Non fa eccezione la provincia di Brescia e, scorrendo i dati divulgati nelle ultime settimane dalle associazioni di categoria, ci sono buoni motivi per essere ottimisti. «Attenzione, però: manca ancora un vero piano strategico per l’industria italiana. Il jobs act e il Piano Industria 4.0 sono iniziative spot che esauriranno la loro spinta, servono misure strutturali per ridurre il cuneo fiscale, il costo del lavoro e quello dell’energia». A parlare è Douglas Sivieri, presidente di Apindustria Brescia e titolare di Ictore spa. Apindustria presenterà nei prossimi giorni un’analisi congiunturale svolta su un campione di cento imprese associate in provincia. «I segnali sono complessivamente positivi: la produzione è in crescita per il 55% delle imprese, senza variazioni per il 24% e in calo per il restante 21%. Il merito è degli imprenditori, stiamo facendo di tutto per tornare ai valori del 2007», spiega.
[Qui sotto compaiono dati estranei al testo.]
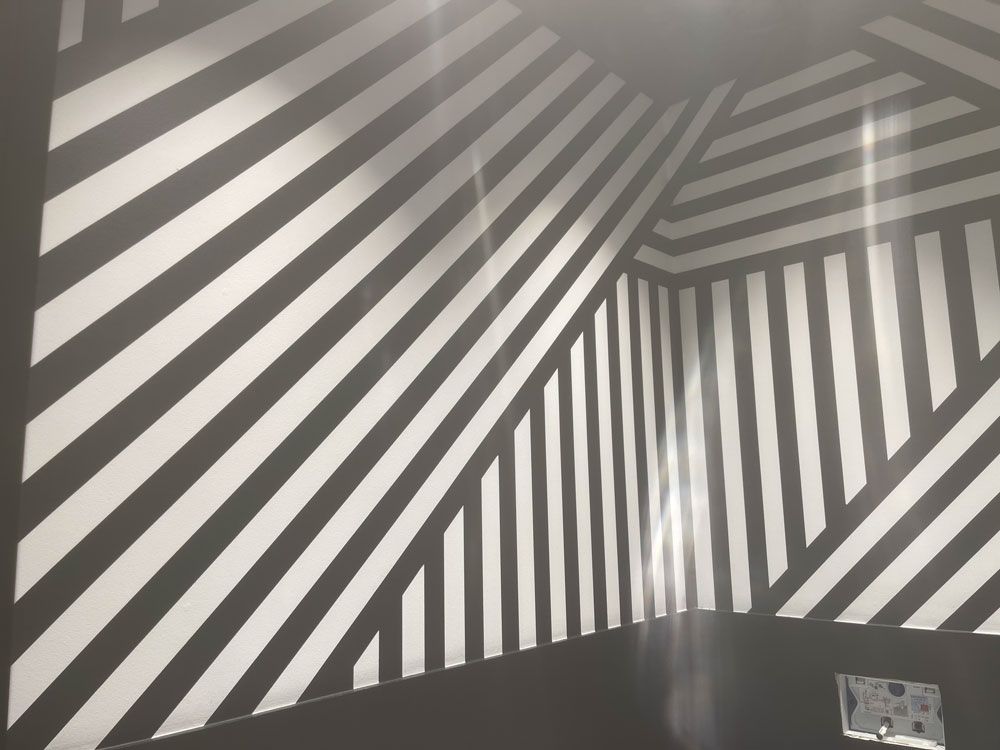 Wände, die mit einem geometrischen Muster aus dicken schwarzen und weißen diagonalen und vertikalen Streifen bemalt sind, die sich an den Eckkanten treffen.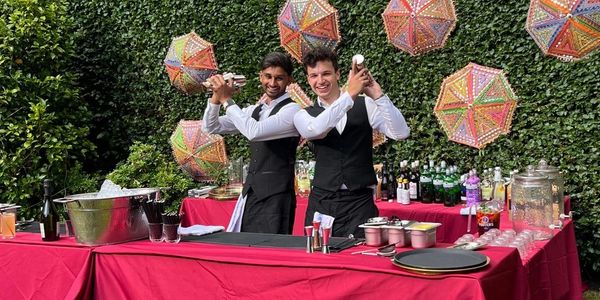 Two bartenders shaking cocktails at an outdoor bar with colorful decorations.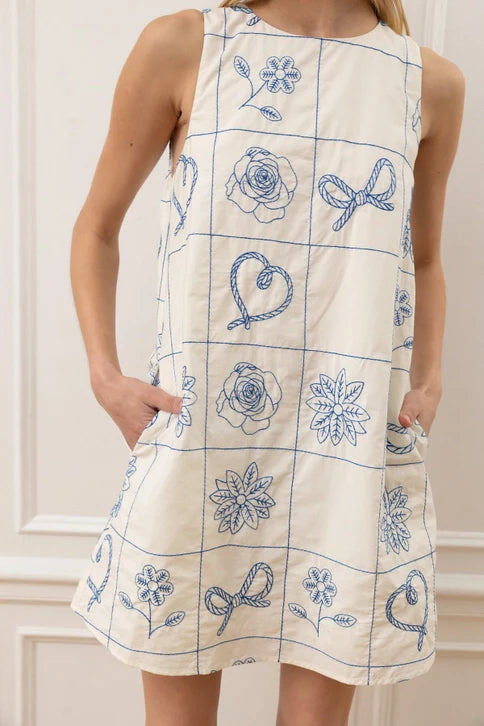 A woman wears the Zertz FLORAL PATTERN SLVLESS MINI DRESS, a cream, above-the-knee shift with blue embroidered florals, hearts, and ribbons in a grid design. The handcrafted dress features pockets and is sleeveless.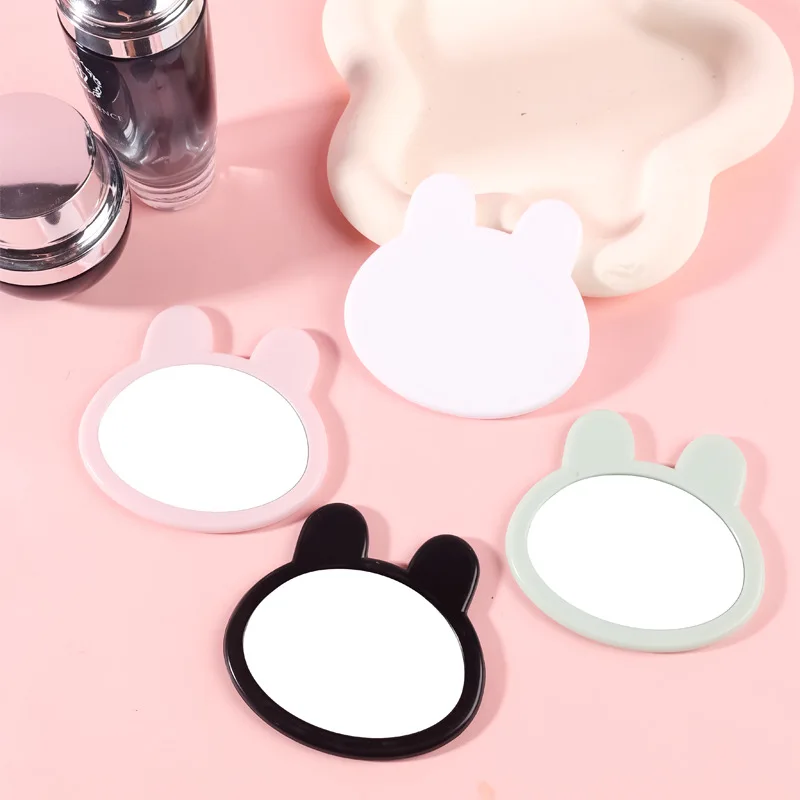 مرآة مكياج على شكل رأس أرنب مبتكرة لطيفة صغيرة محمولة باللون الوردي والأخضر والأبيض والأسود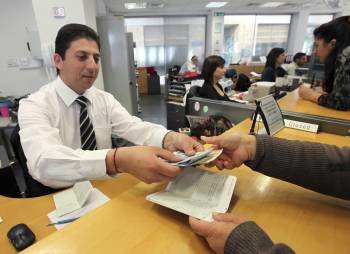 Un empleado del Banco Laiki entrega el dinero retirado por uno de sus clientes en Nicosia. (Foto: K. CHRISTODOULOU)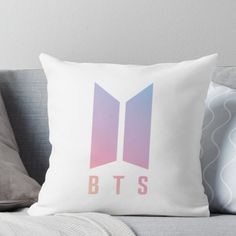 the bts logo is shown on a white pillow with pink and blue colors throw pillow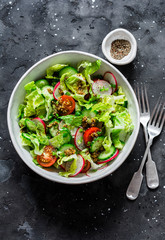 Easy vegetarian vegetable salad with fresh vegetables. Cherry tomatoes , romano lettuce, cucumbers, radishes and french mustard, olive oil, lemon salad dressing on a dark background, top view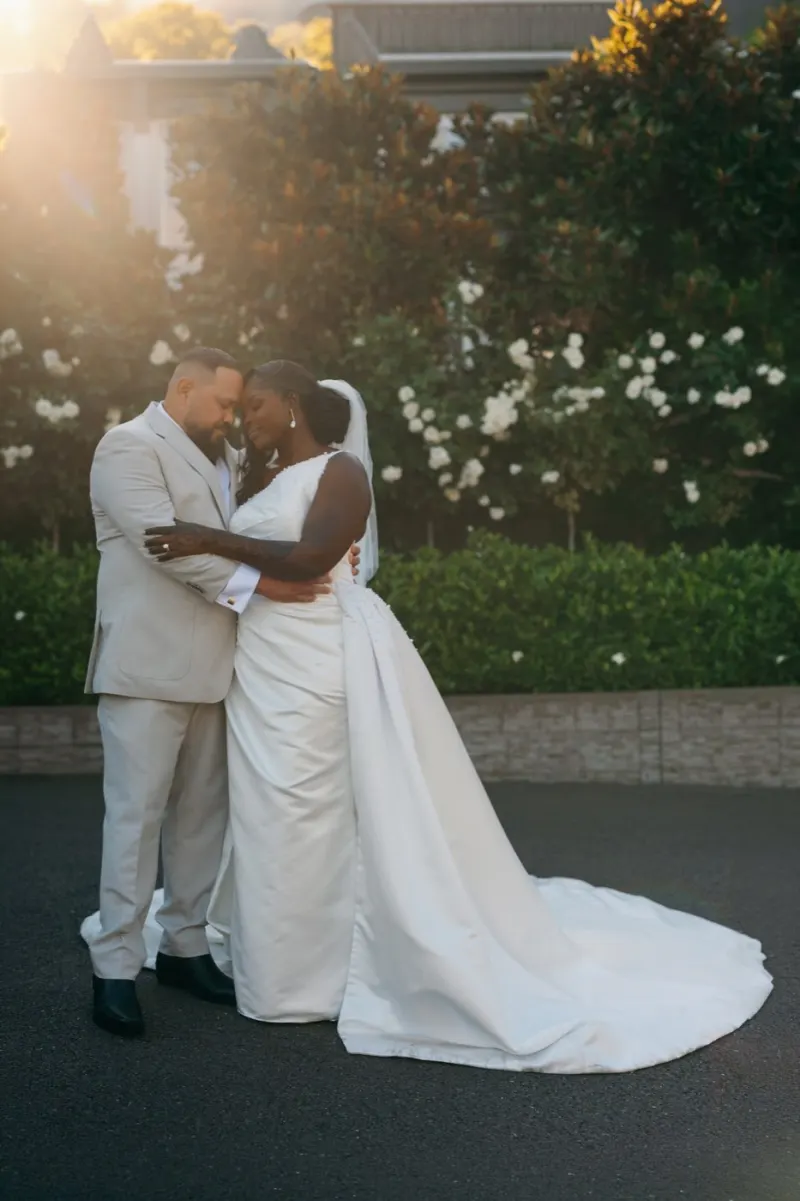 Couple embracing forehead to forehead on a driveway, a backlit garden of white roses behind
Secondo il sondaggio, vola soprattutto chi si occupa di robotica e di automazione industriale (il 10% degli intervistati dichiara una produzione in crescita del 15% in un anno) mentre soffre il mondo legato alla produzione di beni per il consumatore finale. «Elettrodomestici, abbigliamento, tessile, mobile, restano in forte difficoltà: sembra che la propensione al consumo si stia risollevando ma non è un dato stabile e c’è ancora molta strada da fare per tornare ai valori precedenti alla crisi», continua Sivieri. Nel campione di 100 imprese intervistate, i segnali più positivi arrivano dalle piccole imprese con meno di dieci dipendenti mentre solo la metà delle aziende con oltre cinquanta occupati dichiara di aver registrato nell’ultimo anno una produzione in crescita. «Per un commento su questi temi è meglio aspettare dei dati più completi, una possibile spiegazione potrebbe essere rappresentata dalla maggiore reattività delle piccole imprese che hanno resistito alla crisi».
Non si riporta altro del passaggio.